PROBLEM DETAILS >> Needed from the data below: every line from the one with "RattanView 7 Pcs" up to and including the one with "Sabz green Floral printed Angrakhaa set", repeated exactly and with nothing else.

DATA IN THIS EXERCISE >>

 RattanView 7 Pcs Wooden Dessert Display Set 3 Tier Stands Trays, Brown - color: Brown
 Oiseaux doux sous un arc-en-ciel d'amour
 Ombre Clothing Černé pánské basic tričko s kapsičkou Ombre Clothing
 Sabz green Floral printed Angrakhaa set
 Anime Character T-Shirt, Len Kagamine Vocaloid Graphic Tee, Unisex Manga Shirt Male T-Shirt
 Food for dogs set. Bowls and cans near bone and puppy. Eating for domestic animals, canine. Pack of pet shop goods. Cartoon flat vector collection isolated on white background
---
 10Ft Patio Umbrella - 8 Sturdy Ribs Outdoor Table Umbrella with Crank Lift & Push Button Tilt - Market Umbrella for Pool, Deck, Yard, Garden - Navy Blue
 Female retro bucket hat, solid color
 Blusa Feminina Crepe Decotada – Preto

THE ANSWER >>
 RattanView 7 Pcs Wooden Dessert Display Set 3 Tier Stands Trays, Brown - color: Brown
 Oiseaux doux sous un arc-en-ciel d'amour
 Ombre Clothing Černé pánské basic tričko s kapsičkou Ombre Clothing
 Sabz green Floral printed Angrakhaa set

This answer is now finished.